▸ About this exercise:
Scan the records below for the line containing "Pink alarm clock" and the line containing "7月27日，郑林亭（右）到村民张福存的农产品仓储保鲜冷链库，询问收购情况。河北日报记者 尹翠莉 摄". Copy both, plus every line between, exactly.

▸ Supplied data:
#####

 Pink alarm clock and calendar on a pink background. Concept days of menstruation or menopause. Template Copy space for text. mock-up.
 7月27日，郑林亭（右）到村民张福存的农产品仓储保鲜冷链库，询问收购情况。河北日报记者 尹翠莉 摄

#####

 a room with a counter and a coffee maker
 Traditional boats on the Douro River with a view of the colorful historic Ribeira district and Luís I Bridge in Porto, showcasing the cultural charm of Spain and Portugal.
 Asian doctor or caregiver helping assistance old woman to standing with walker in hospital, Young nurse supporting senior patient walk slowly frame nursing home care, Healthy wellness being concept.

#####

▸ Answer to this problem:
 Pink alarm clock and calendar on a pink background. Concept days of menstruation or menopause. Template Copy space for text. mock-up.
 7月27日，郑林亭（右）到村民张福存的农产品仓储保鲜冷链库，询问收购情况。河北日报记者 尹翠莉 摄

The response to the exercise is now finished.